Seeing the wood from the trees regarding Capital Gains Tax
The Capital Gains Tax (CGT) on forestry has remained unchanged. Commercial woodlands in the hands of an individual are exempt from CGT on the growing timber, though any gain attributable to the underlying land is not.
However, this rarely gives rise to a chargeable gain because it can often be shown that afforestation devalues the land due to the permanent change of use. The CGT exemption does not apply to companies which occupy woodlands.
Nevertheless, timber is a crop. The convention has always been that in the event of a sale of woodland, the standing crop of trees was deemed to be a capital transaction, whereas when harvested it falls under the heading of income.
I admit I have always had some difficulty in getting my head around this particular conundrum.
In May 2010 the result of a tax appeal was made public.
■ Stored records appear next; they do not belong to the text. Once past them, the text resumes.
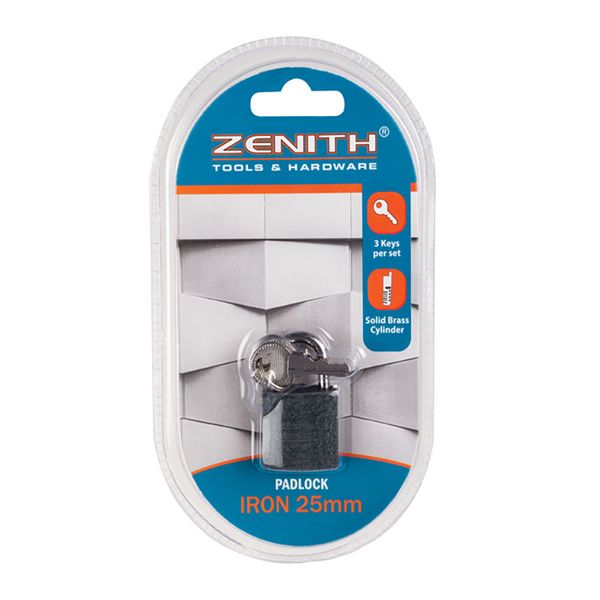 Padlock - Home Security - Iron - Extra Keys - Silver - 25mm - 5 Pack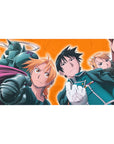 Fullmetal Alchemist anime desk pad 40x20 inches featuring Ed, Al, Roy Mustang and Riza on fiery backdrop.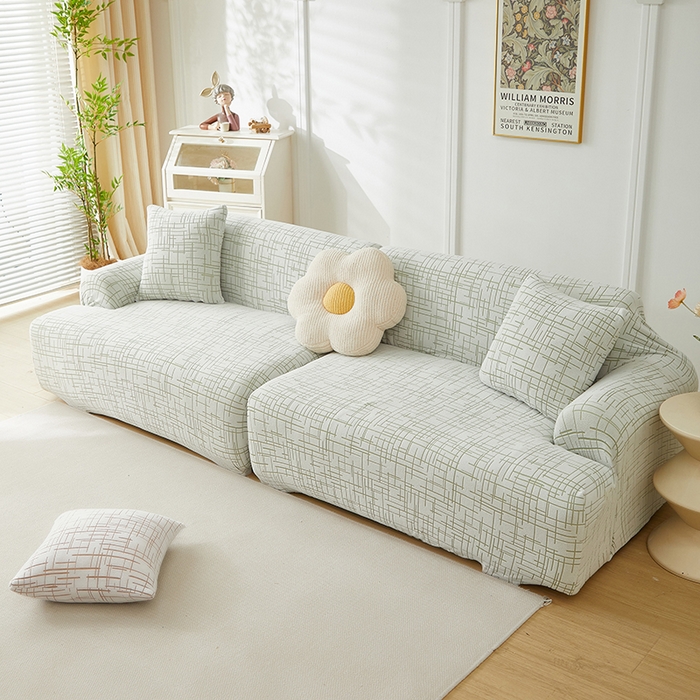 91家纺网 家纺一手货源 找家纺 丝绮鹿 2025新款极简系列-沙发套松紧款（组合沙发图） 极简-绿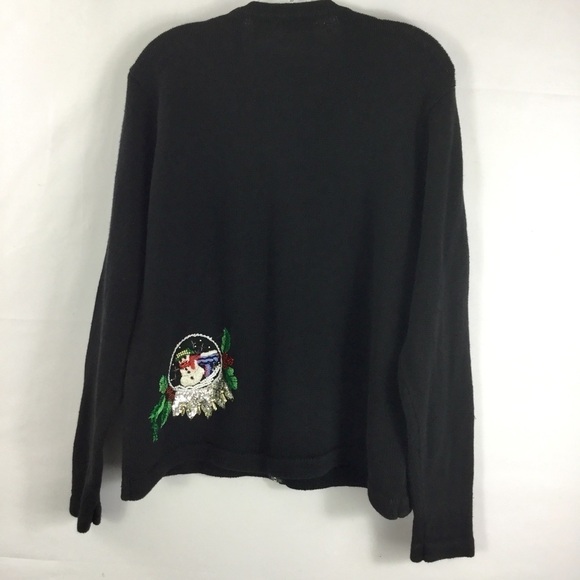 Vintage B.P. Design Beaded Snowy Christmas Snow Globe Zip Front Cardigan Size L - Picture 8 of 11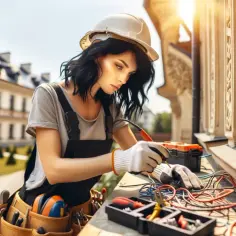 Kobieta w kasku i ogrodniczkach pracuje przy przewodach, narzędzia i skrzynka leżą obok. W tle budynek, słońce. To praca związana z elektrotechniką.
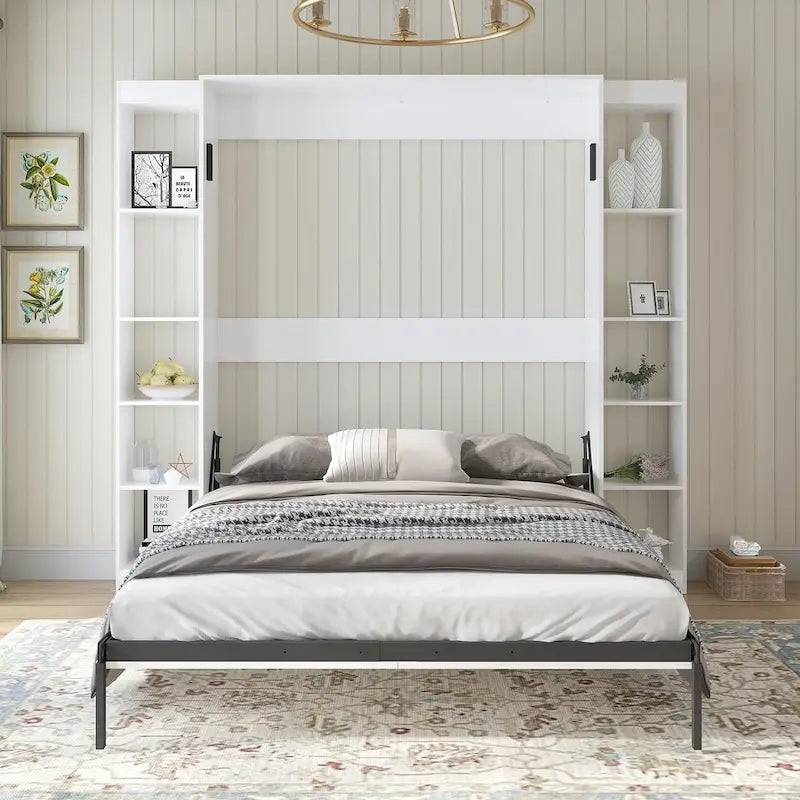 Mixoy Murphy Bed,Folding Wall Bed with 2 Side Cabinet Shelves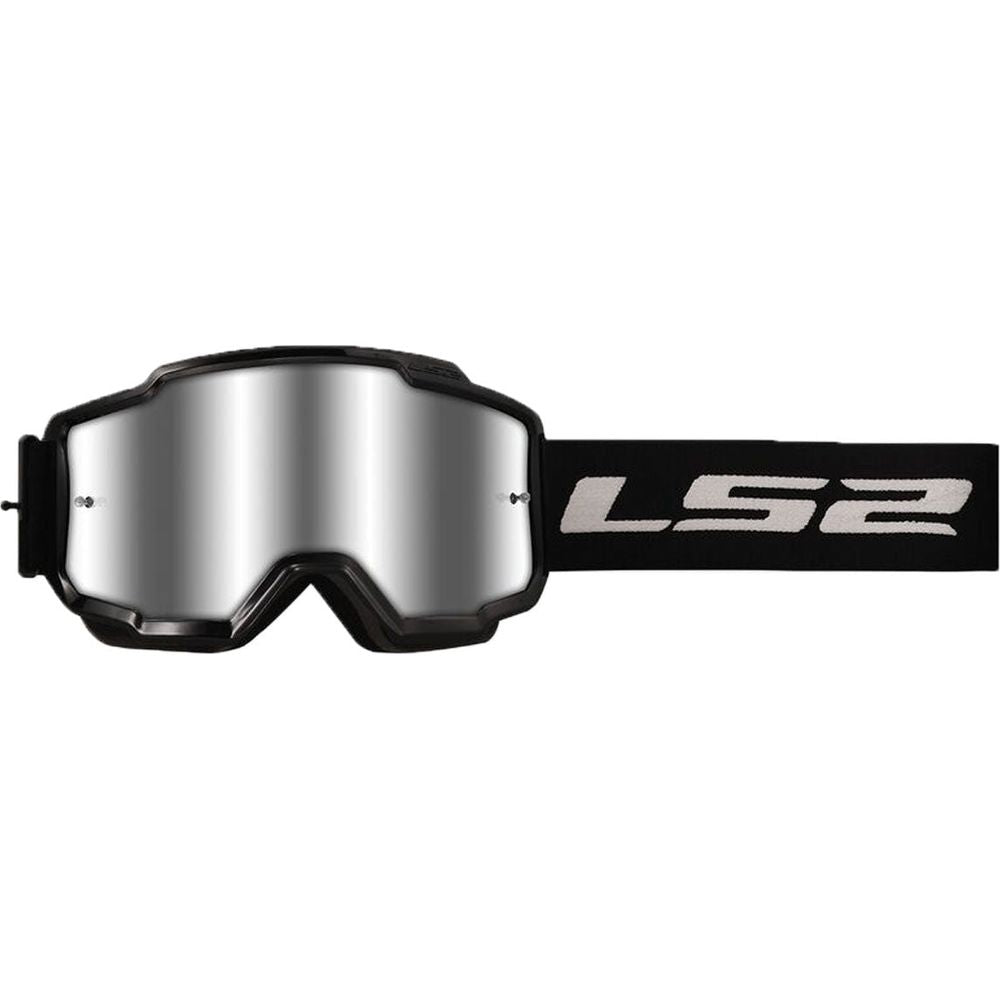 LS2 Charger Goggles Black With Silver Lens - ThrottleChimp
The facts of the case involved a company that sold semi-mature woodlands and the Revenue Commissioners held that the company was liable to CGT on the entire proceeds of sale.
The company appealed the assessment, holding that the value of the underlying land had fallen since it was purchased several years previously, and that the proceeds attributable to the growing crop were income and therefore exempt from corporation tax (the sale having taken place prior to the change in the law when there was no income restriction in place).
The case was quite specific in that the company had always intended from the outset to trade in forestry property.
In other words, it always planned to sell properties at a profit as and when the opportunities arose and to re-invest the proceeds in more forestry.